We have a 4 year old male German Shephard who is unneutered. He is the gentlest dog. He weighs about 100 lbs. Whenever he meets other dogs he always wags his tail, and if he can get near them, covers them with licks. He has made friends with a variety of other dogs in our neighborhood. I think the most important thing in getting a German Shephard is where you get the dog. We bought ours from a breeder in Wis. who breeds for intelligence, temperament, and appearance. You may pay a little more, but what value can you put on peace of mind? Our dog's brother is owned by a woman who was out jogging one day. When she got home the dog greeted her at the door but growled when she tried to enter her house. He did the same thing at the back door. When this had gone on for a while, she finally called the police. When the animal control officer arrived, he said, "This dog is trying to tell you something." The policeman entered the home and the dog shot upstairs. There, hiding in a closet, was an intruder. The dog had been protecting her from an assailant. A quality dog is worth every penny. Our breeder has a website. See www.jerland.com.
Good luck puppy hunting,
From Meagan Hairston
Quero Aus Der Stadt Montan SCHHI - Jerland's Natasha
Hello, my name is Meagan Hairston. My family has bought many of your dogs including our favorite Jerland's Fritz.He got killed saving my baby cousin from a rattle snake.
He killed the snake but it killed him.
I thank you for supplying us with such wonderful creatures.
From Johanna Volm
Just wanted to let you know about our dog Heidi, that we purchased from you in Dec of 1997, she was my Christmas gift from my husband. You know us well as we have had 3 of your dogs and have been so happy with each one.
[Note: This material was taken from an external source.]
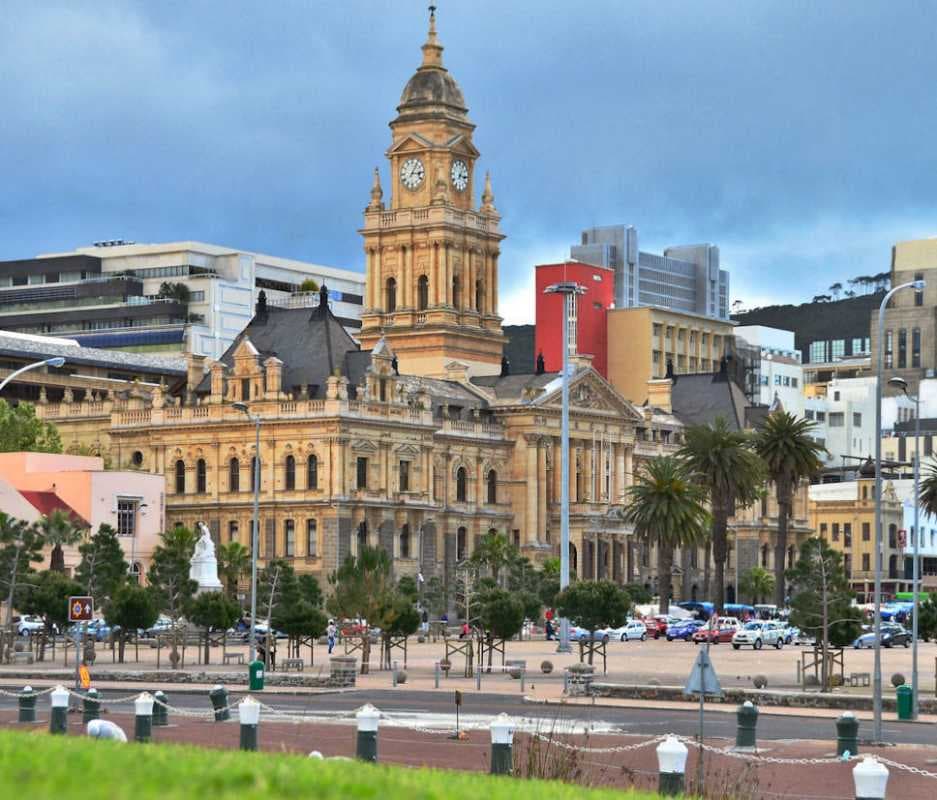 Cape Town travel image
Heidi has been the family dog and has been so good with our 3 children. Wherever Heidi was the boys are, never had problems finding the kids. But I have to tell you story about her. My second son Sebastian has has some trouble learning to read and is being tested for a learning disability. We read daily at home and Seb tries so very hard, progress is coming but slow. He would become so frustrated as would I, it was a chore every night as his brothers were all done with their homework and there sat poor Seb with his early reader. I read an article of children having difficutly with reading who read to dogs and the success they had, but the writer of the article noted that one has to have a certain type of dog that is patient and willing to sit as the child reads. I realized that we own this special type of dog and she is my Heidi as she was always so patient. We have taken her to school on other occasions for show and tell and other things but I never had a child read to her before. Now this is the routine. Seb lies next to Heidi and reads her stories daily. She lays patiently and doesn't correct his mistakes which builds his confidence and he loves it. It makes his reading a lot more fun and then he is willing to read to his mom, who has to correct his mistakes, but then he goes back to Heidi reads the story again and corrects his mistakes. He is making progress in school and reading doesn't hurt so much anymore. Much more pleasant homework experience at the Volm home.
I spoke with the special education teacher at the school and we will be setting dates to bring in Heidi to the classroom for other children to benefit from "Reading to Heidi".
How I love this dog!!!!
Thankyou, Merry Christmas to you and the family.